Pillow Queens machen es einem einfach, sich auf einer weichen Wolke mitnehmen zu lassen. Ab und zu gibt es dort leichte Turbulenzen, wenn sie die Handbremse etwas lösen und die Themen unbequemer werden. Pillow Queens wissen einen aber immer sicher, sanft und trotzdem bestimmt wieder herauszutreiben.
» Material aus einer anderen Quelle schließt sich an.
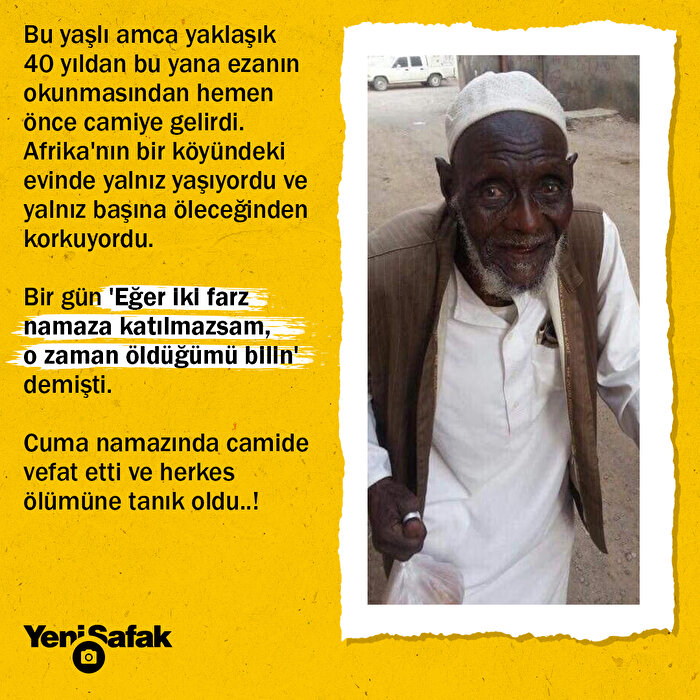 Afrika'da yalnız yaşayan adam, camide hayatını kaybetti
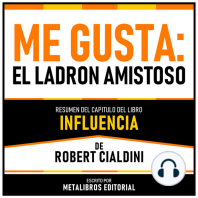 Me Gusta - El Ladron Amistoso - Resumen Del Capitulo Del Libro Influencia De Robert Cialdini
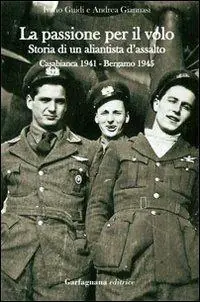 La passione per il volo. Storia di un aliantista d‘assalto (Casabianca 1941-Bergamo 1945) Offerta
Auch für Nicht-Queers schaffen es die Irinnen, ihre Erfahrungen sehr nachvollziehbar zu interpretieren.

Für Fans von: Dream Wife, frühe Green Day, Soak

Nervus - Tough Crowd, 2019

Obwohl Nervus schon mit Worriers und Anti-Flag tourten, sind die Vier aus Südengland in Deutschland noch nahezu unbekannt. Das Genre-Gemisch aus Indie, Alternative und Punk ist immer mitreißend und eingängig, vor allem durch die hymnenhaften Refrains, die zum Mitsingen animieren. Nervus leben von der Abwechslung zwischen Frauenund Männergesang und den Texten von Frontfrau Em Foster. Ihre Erfahrungen von Andersartigkeit und Gender-Dysphorie, die Em als Transfrau und Lucinda (Bass) als non-binary-Person erleben, wurden besonders auf dem Vorgänger-Album lyrisch verarbeitet, finden aber neben Umwelt-Themen auch auf Tough Crowd Platz.

Trotz der oft schweren Thematik, fehlt es Nervus nie an Fröhlichkeit und Leichtigkeit. Dort wo der Text sich durch Kompromisslosigkeit und scharfkantige Ehrlichkeit charakterisiert, bietet die Musik einen leichtfüßigen Kontrast. Auch wenn Nervus fast schon zu glattgestrichen sind, um sich Punk auf die Fahne zu schreiben, sichern sich die Brit:innen ihren Platz in der Szene durch ihre Attitüde.

Für Fans von: Pansy Division, The All-American Rejects, Jimmy Eat World

Lou Reed - Berlin, 1973

Eingeläutet wird Berlin durch ein melancholisches Klavier. Dann singt Reed in die Stille hinein: „It was very nice / Oh honey, it was paradise". Auf Berlin erzählt der mittlerweile verstorbene bisexuelle Musiker die tragische Geschichte eines unglückseligen Paares, Jim und Caroline. Aufgrund der kontroversen Themen nannte der Rolling Stone das Album 1973 ein „Desaster". Es geht nämlich um Drogenkonsum, Prostitution, Depression, häusliche Gewalt und Selbstmord. Entsprechend klingt die Musik eher dramatisch oder resigniert. Lady Day hört sich an, als würde jemand von Alkohol und Drogen berauscht durch die Straßen taumeln, geradewegs in einen schrägen und unheimlichen Traum hinein.

Für Optimismus ist wenig Platz, für schiefe Töne dafür umso mehr. Mit Sad Song endet das Album. Paradoxerweise klingt das Lied von allen am hoffnungsvollsten und vermittelt ein befreiendes Gefühl. Und das nachdem eben noch Carolines Suizid beschrieben wurde. Nebenbei gehört klingt Berlin zu dünn. Über Kopfhörer oder eine gute Anlage wirken Musik und Text in Zusammenspiel mit Reeds ungewöhnlicher Stimme ungeheuer kraftvoll.